Saturday, December 24, 2016

30 KWH; Bigger, Faster, Hotter??

Anyone who says the LEAF's 30 kwh pack is not an improvement simply does not have a 30 kwh pack. Yes, its still on the borderline of what a road warrior would need.  Yes, it still must rely on a reasonable public charging network and yes, it will probably degrade faster than a TMS battery pack would, but...

I have yet to realize just how much more freedom I have because I got mine at the end of November so its been cold, rainy, snowy, and even windy...VERY windy!  But a few things are already obvious; I now do what I couldn't dream of doing with a 24 kwh pack.

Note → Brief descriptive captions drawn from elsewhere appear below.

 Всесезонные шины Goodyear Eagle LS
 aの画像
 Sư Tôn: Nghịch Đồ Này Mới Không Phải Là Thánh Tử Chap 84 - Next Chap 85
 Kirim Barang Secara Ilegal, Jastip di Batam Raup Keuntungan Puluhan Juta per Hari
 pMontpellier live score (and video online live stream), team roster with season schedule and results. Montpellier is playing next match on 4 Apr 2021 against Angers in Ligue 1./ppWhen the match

I am not talking about those Wintertime 80 mile trips that I made in my 24 kwh LEAF with VERY careful planning that I now do without even thinking about how much charge I have left. Typically, on the way home, I am in a hurry so previously I drove as fast as my remaining range and weather conditions permitted me to do, which was usually 55-60 mph.  Now, even at 70+, I am barely hitting LBW by the time I get home.

I am also not talking about the 163 mile trip I took the other day which included an unexpected detour to pick up my Sister when BiL's near new Chevy Truck went DOA on the highway.  This was an unplanned 52 mile detour.  I had already planned on getting a quick boost on the way home since I would still be near 110 miles in Winter but now it was a full blown 30 min charge on the way there.  Thankfully, the 30 kwh pack takes a charge at near full speed at much higher SOC's.  This allowed me to get enough so that I did not have to stop again on the way home. Again, not possible in the 24 kwh pack especially when the charging speed starts to drop before 50% SOC!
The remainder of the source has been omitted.